What is required >>
Starting at the line with "Good targets in" and ending at the line with "As you can see, after", print exactly the lines of the entries below. Pictures do not belong in the copy.

Exercise inputs >>
######

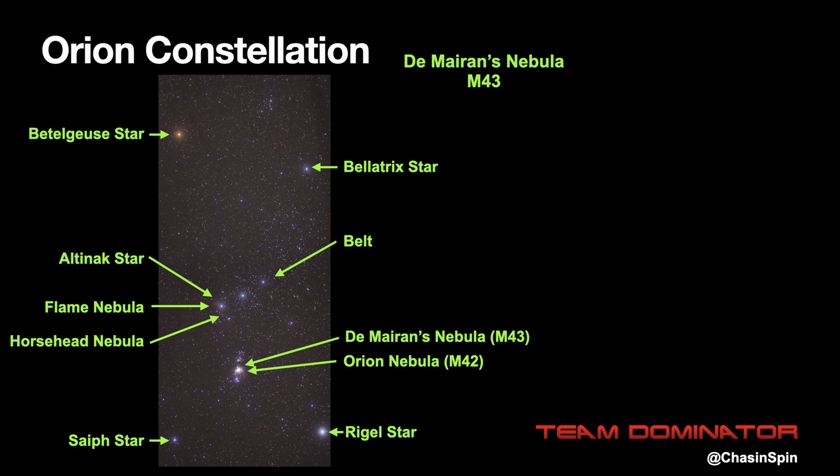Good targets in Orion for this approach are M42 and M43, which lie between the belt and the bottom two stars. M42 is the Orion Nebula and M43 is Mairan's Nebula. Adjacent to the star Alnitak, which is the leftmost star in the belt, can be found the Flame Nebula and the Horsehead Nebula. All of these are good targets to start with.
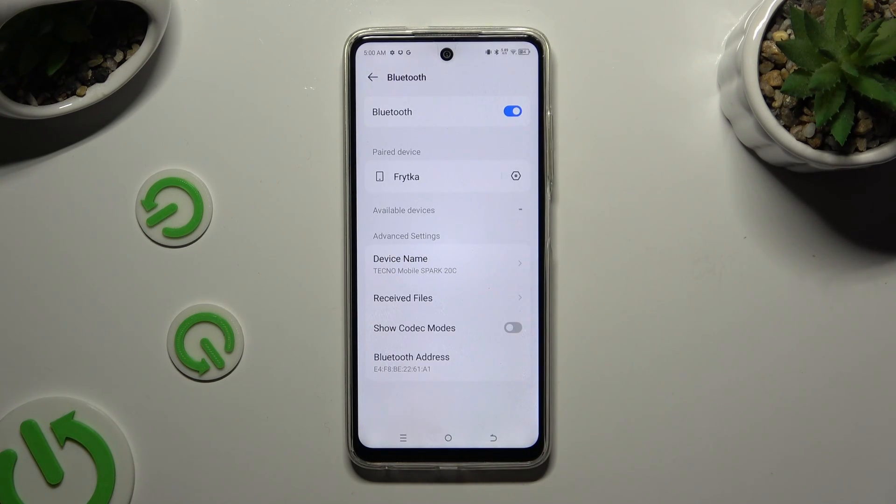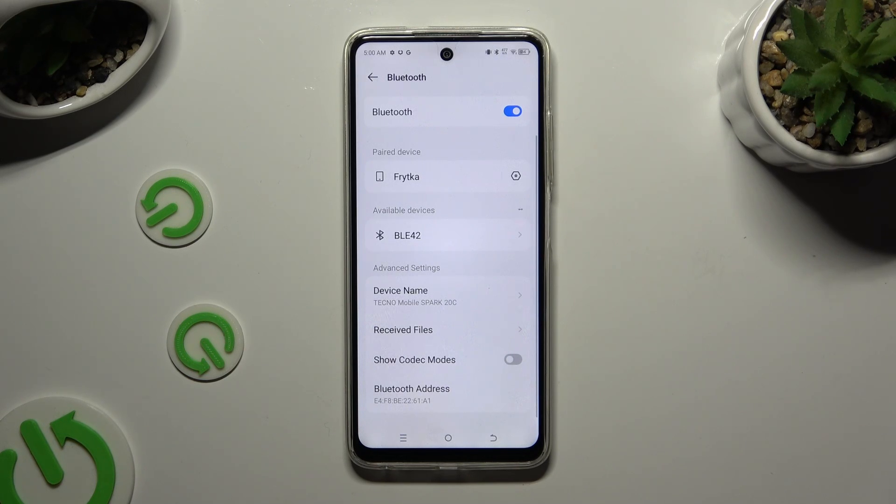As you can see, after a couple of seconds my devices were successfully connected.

######

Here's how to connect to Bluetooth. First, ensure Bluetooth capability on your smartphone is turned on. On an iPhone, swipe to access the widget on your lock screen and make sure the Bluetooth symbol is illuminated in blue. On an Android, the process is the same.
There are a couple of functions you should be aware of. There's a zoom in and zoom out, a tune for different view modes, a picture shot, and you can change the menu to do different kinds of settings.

######

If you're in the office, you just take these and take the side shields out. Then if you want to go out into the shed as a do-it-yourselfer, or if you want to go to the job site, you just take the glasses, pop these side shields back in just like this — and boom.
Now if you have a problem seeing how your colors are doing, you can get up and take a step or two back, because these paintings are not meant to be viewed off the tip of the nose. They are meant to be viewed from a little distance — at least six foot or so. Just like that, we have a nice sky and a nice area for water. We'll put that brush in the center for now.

######

Answer box >>
Good targets in Orion for this approach are M42 and M43, which lie between the belt and the bottom two stars. M42 is the Orion Nebula and M43 is Mairan's Nebula. Adjacent to the star Alnitak, which is the leftmost star in the belt, can be found the Flame Nebula and the Horsehead Nebula. All of these are good targets to start with.
As you can see, after a couple of seconds my devices were successfully connected.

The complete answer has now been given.